I honestly love low-profile keyboards. Especially when it comes to the job. Gaming, on the one hand, writing a lot on the other – with a flat keyboard, that’s faster and less tiring, at least for me. No wonder flat keyboards like the Logitech G915 or the Razer Deathstalker V2 Pro have been consistently found on my desk for the last few years. That's why I cheered a little when the Corsair K100 AIR Wireless was in my mail.
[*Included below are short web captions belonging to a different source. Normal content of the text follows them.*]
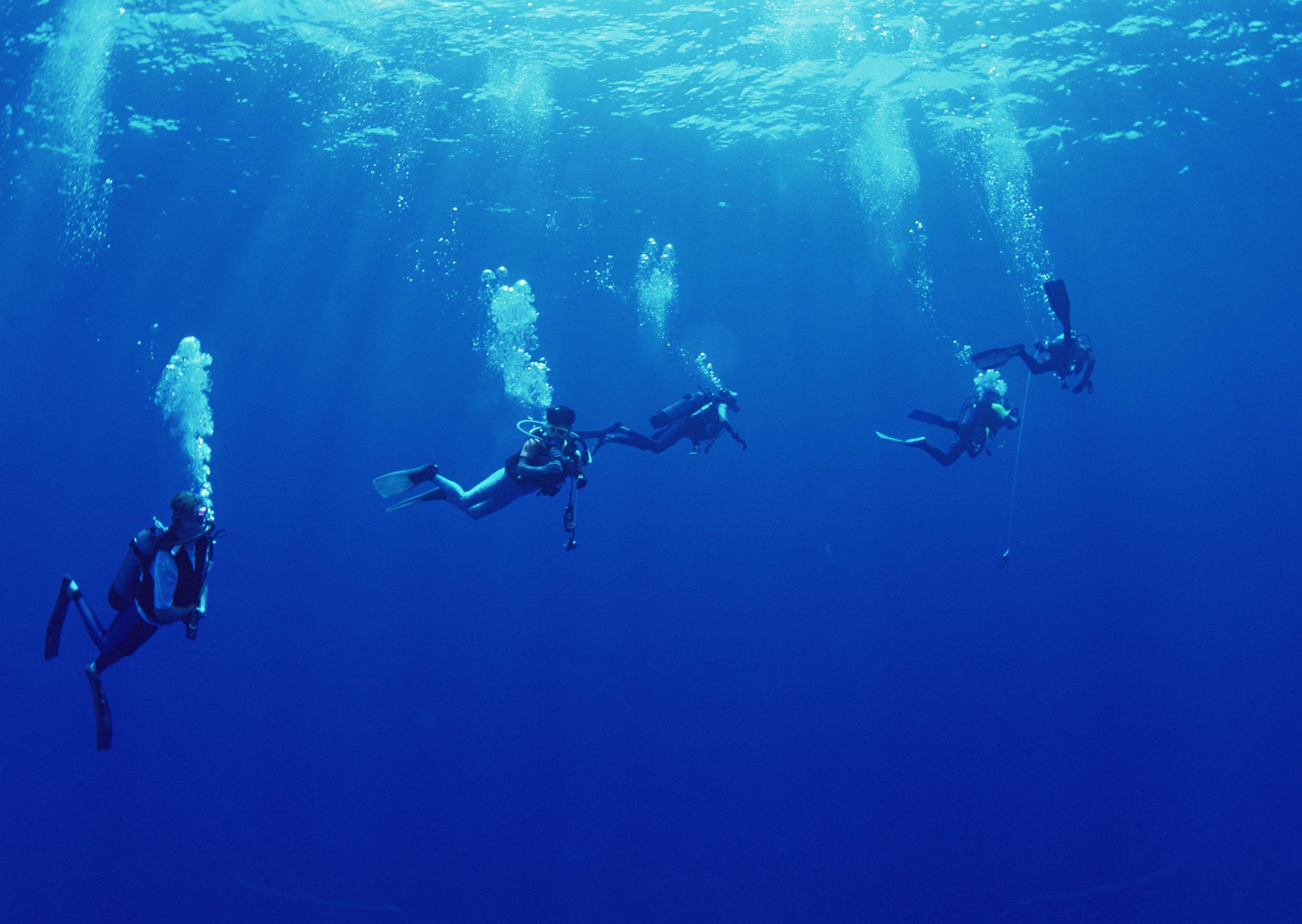 Scuba Diving Wallpaper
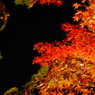 紅葉ライトアップ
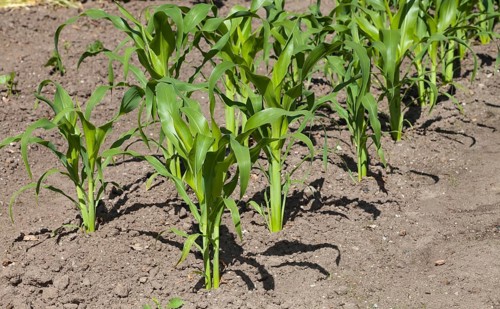 Maize (Zea mays) stalks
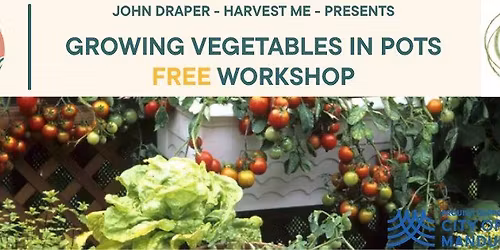 Growing Vegetables In Pots Workshop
CORSAIR K100 AIR WIRELESS RGB Review

The price, however, is a real deterrent. Even for a state-of-the-art keyboard with all the extras, 300 euros is a damn hefty number and we can only recommend waiting until the price has normalized a bit. For the price, you have to expect certain flawlessness. However, this is also offered, apart from the fact that there are no other switch alternatives apart from the tactile version.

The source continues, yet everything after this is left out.